Lors d’un discours il y a deux ans, Donald Trump faisait les louanges du parti républicain en répétant les mots suivants : « Jobs, jobs, jobs ». Au début du film, les personnages entendent son discours à la radio. Quelques instants plus tôt, nous les voyons voler des détritus pour les revendre malgré le dur travail qu’ils accomplissent la journée en tant que manufacturiers.
Critique cinglante et plutôt logique du gouvernement de Trump sans la marteler, Holler est surtout un drame social qui se construit comme un film de Ken Loach dans l’état d’Ohio. De la même manière qu’elle fait l’exposition de Ruth (son personnage principal), on découvre qu’ils ne peuvent exister sans la ville, essentielle à notre compréhension de la vie qu’ils mènent. Nicole Riegel filme les lieux qui hantent les personnages.
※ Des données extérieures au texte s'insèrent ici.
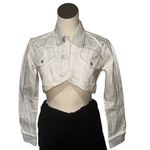 ZARA NWT  Women's Silver Metallic Shiny Cotton Crop  Jacket Bloggers Fave Photo 7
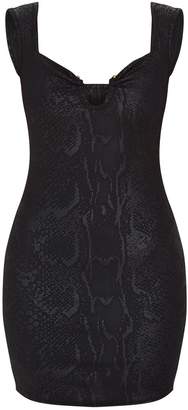 PrettyLittleThing Black Textured V Bar Sleeveless Bodycon Dress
De l’usine désaffectée où ils travaillent au loyer qu’elle et son frère ont du mal à payer, il en découle une esthétique chirurgicale, froide, et qui nous fait définitivement comprendre que la vie qu’ils y mènent n’est pas idéale. En tournant quasi intégralement le film en caméra épaule, elle capture des moments éphémères et dans un mouvement constant (le chat étant l’exemple parfait d’un moment qui ne peut rester figé).
Un monde repoussant qui nous perd dans sa seconde moitié, malgré l’utilisation intelligente du Super 16mm qui confère au métrage un aspect naturel et l’imprègne d’une poésie réaliste, comme pour montrer cette communauté abandonnée par le reste du pays et livrée à elle-même. Malheureusement, la thématique pertinente de l’affranchissement de sa classe sociale par l’éducation est trop rapidement délaissée au cours du récit, au profit des intrigues liées au travail des personnages. Lorsque le film se termine, Ruth va de l’avant en se détachant de son passé, soutenu par une musique (un travail musical des cordes particulièrement touchant dans son intégralité) enjouée. Mais comment comprendre son choix lorsque les intrigues (sa fac, son travail, sa mère…) s’entremêlent jusqu’à ne plus distinguer leur origine ?
Un premier film engagé pour ses choix de réalisation (le Super 16mm) qui équilibre difficilement les trames pour donner au film le poids idéal.